Single id(ignore) per flow

# Micro-benchmark showing cache hits for same-directory files
$ .venv/bin/python /tmp/test_ignore_cache_bench.py
is_ignored calls: 100, files in same directory
Cache entries: 1
Elapsed time: 0.003065s
Time per call: 0.031ms
✓ Cache hit: all 100 files shared 1 _mega computation

Sentinel Checks

All sentinel greps from the PR prompt pass:

  • grep -nE "LayeredIgnore\(project_root\)\.is_ignored" java_index_flow_lancedb.py → empty (3 process sites converted)
  • grep -n "coco.use_context(IGNORE)" java_index_flow_lancedb.py → 3 sites (:357, :430, :479)
  • grep -n "_mega_cache" path_filtering.py → 4 hits (cache present)
  • ✅ Sites :182 and :578 unchanged (use bare constructor for once-per-run calls)

Test Results

$ .venv/bin/python -m pytest tests/test_path_filtering.py tests/test_lancedb_e2e.py -q
.................sssss                                                   [100%]
17 passed, 5 skipped in 0.06s

$ .venv/bin/python -m pytest tests -q -k "ignore or path_filter or vectors_progress"
.............ss.......................ss                                 [100%]
36 passed, 4 skipped, 815 deselected, 2 warnings in 23.18s

$ .venv/bin/ruff check .
All checks passed!

HEAVY test: The test_layered_ignore_provided_once_per_flow test is gated behind JAVA_CODEBASE_RAG_RUN_HEAVY=1 and requires cocoindex e2e to run locally. Not executed in this environment, but the test is present for CI/validation.

Plan Reference

Implements § PR-P3 from plans/active/PLAN-INIT-INCREMENT-PERF.md and plans/AGENT-PROMPTS-INIT-INCREMENT-PERF.md.

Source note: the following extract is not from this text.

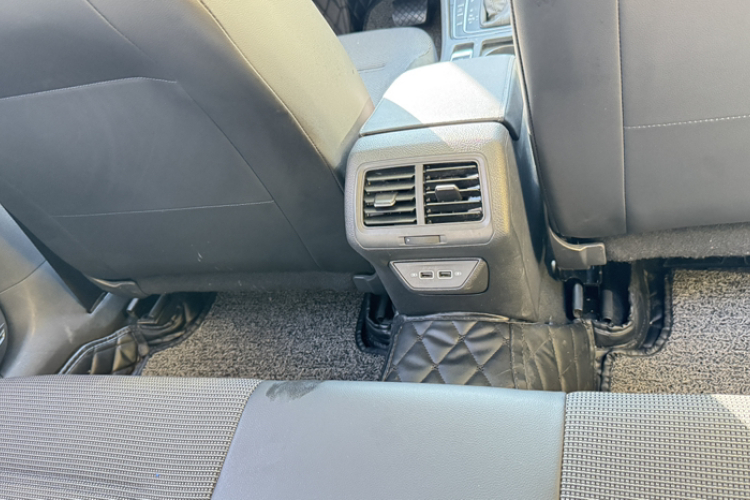 大众 高尔夫 2020款 挚爱版 280TSI DSG舒适型中控内饰7009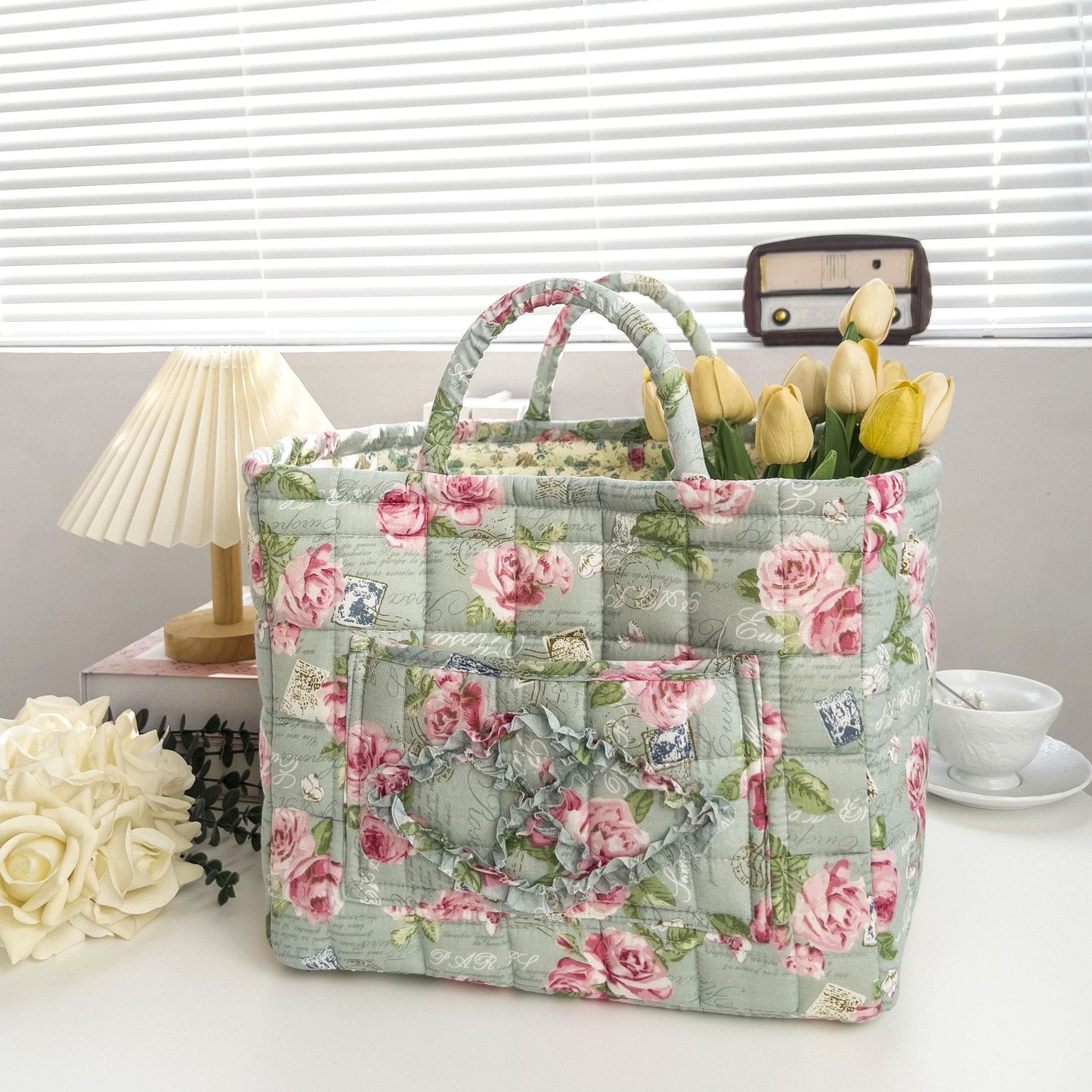 Liora — Gewatteerde bloemen shopper met ruim en opvouwbaar ontwerp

Co-Authored-By: Claude noreply@anthropic.com

HumanBean17 and others added 2 commits June 22, 2026 09:30
- Define IGNORE ContextKey (version-detected) alongside PROJECT_ROOT/EMBEDDER/LANCE_DB
- Provide IGNORE once per flow run in coco_lifespan (LayeredIgnore constructed once)
- Convert process_java_file, process_sql_file, process_yaml_file to use IGNORE ContextKey
- Add _mega_cache to LayeredIgnore, memoizing _mega(rel) by directory
- Add test_is_ignored_mega_caches_by_directory and test_layered_ignore_memo_preserves_decisions
- Add test_layered_ignore_provided_once_per_flow (HEAVY) in test_lancedb_e2e.py

Scope: Only the three process_*_file sites converted. Sites :182 and :578
(_approximate_vectors_total and app_main pre-walk) left untouched as they call
cocoindex_excluded_patterns() once per run, not per-file.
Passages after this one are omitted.